The abbot's approach also runs contrary to that tendency some of us have to talk (and talk and talk and talk) until we figure out what we want to say, or to "hold forth" until someone else has no choice but to interrupt our soliloquy just to get a word in edgewise.
The spareness of the abbot's words magnified their value. His comments never drew attention to himself unnecessarily, never seemed motivated by anything except the goal of honoring his subject. It seemed that the words he spoke proceeded from some center of wholeness, as though spoken from a place of solitude. Listening, I couldn't help but think of the similarities between the abbot's way of talking and the admonitions of the early Christian Desert Fathers to speak only when absolutely necessary and only from inner silence.
Even as I sit here writing these comments this morning, I can conjure up the tangible sense of quiet calm that the abbot gathered around him like his robe, the peace and calm from which he spoke words of calm and peace. I can hear the pace of his words, each one placed with care like a foot upon a forest trail without a hint of haste, without a trace of anxiety. Conscious. Awake. Mindful.
The abbot's approach to communication impressed me deeply, but it hasn't changed my preaching or public speaking style, not really. I will rely on the classical forms of homiletical rhetoric that brought me to the dance to take me home again. However, the abbot has profoundly affected my approach to communicating in a variety of other groups.
What I have discovered is this: when I try to do what the abbot did, slowing down, listening more mindfully, weighing my words with deliberate care, pausing, not rushing to comment, I become much more aware of the impulses that drive me and the spirit of the group with whom I am in communication. I tend to create mental space to feel the anxiety when and if it rises in a conversation, especially when it is operating inside of me. I sense better when I am taking something personally. I sort through my feelings better, more able and readier to identify my own defensiveness when it arises.
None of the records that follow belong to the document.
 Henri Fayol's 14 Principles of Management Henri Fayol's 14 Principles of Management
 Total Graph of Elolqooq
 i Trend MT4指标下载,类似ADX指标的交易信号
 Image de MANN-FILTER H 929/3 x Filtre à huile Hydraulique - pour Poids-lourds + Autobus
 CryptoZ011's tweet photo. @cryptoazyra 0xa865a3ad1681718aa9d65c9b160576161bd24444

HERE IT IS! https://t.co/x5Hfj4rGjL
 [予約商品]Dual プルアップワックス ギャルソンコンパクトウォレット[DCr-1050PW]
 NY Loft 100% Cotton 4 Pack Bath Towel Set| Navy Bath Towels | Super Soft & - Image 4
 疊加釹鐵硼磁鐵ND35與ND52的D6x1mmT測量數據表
Slowing down the pace of my comments, choosing with greater care the phrases, pausing to gather my thoughts, listening until I am sure I have understood before speaking: all of this can drive some folks in a group a little nuts sometimes, especially if they are pretty anxious. But the good of this approach to communication far outweighs any momentary frustrations.
Breathe. Pause. Listen. Speak, speak. Breathe. P A U S E. Listen. Breathe. Speak: Like steps in a new dance, a dance well worth learning, for leaders who have something to say and who value the relational context of communication.
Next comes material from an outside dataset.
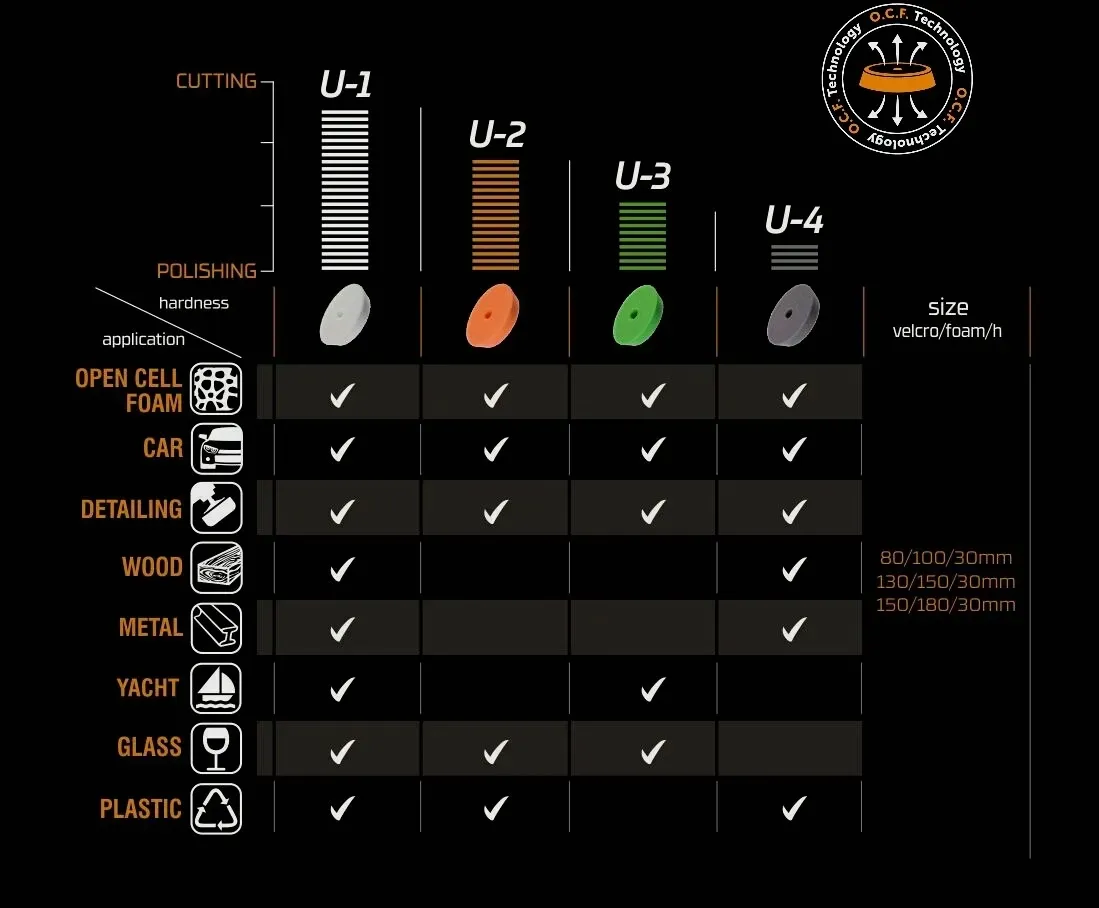 honey-combination-u1-125-140mm-biala-twarda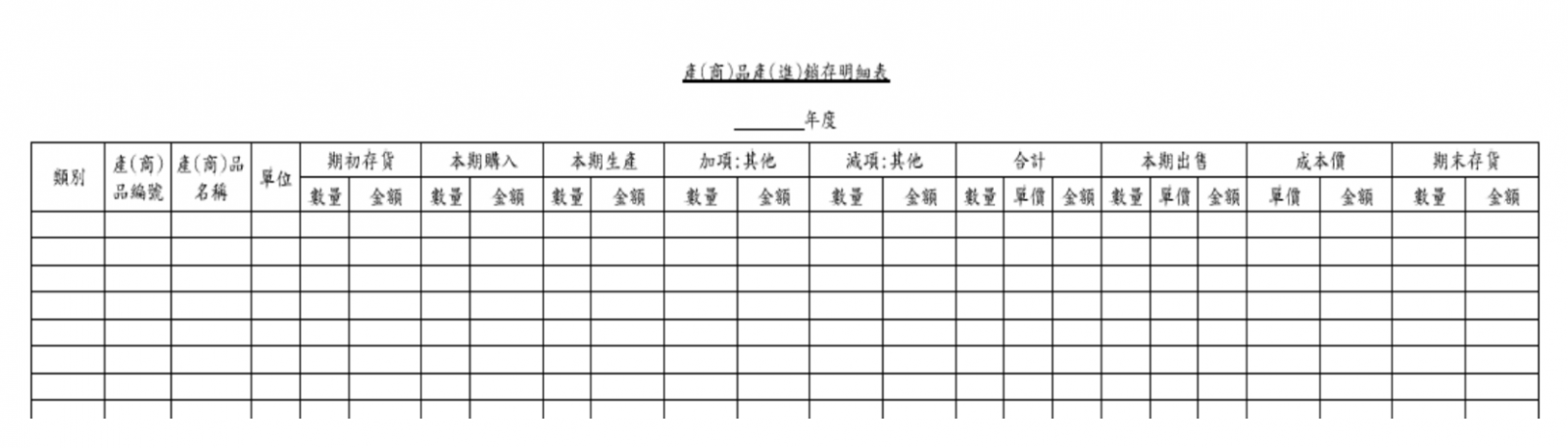 進銷存明細表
*Shunryū Suzuki's thought is widely known because of the collection of his teachings published under the title, Zen Mind, Beginner's Mind (1970), a brilliant text grounded in the author's deep understanding of Soto Zen.
**David Chadwick, a student of Suzuki-roshe, has written an illuminating biography of his teacher, Crooked Cucumber: The Life and Zen Teaching of Shunryū Suzuki (1999). This passage appears on p. 59.
**Photo taken by Michael Jinkins at the San Francisco Zen Center, February 2016.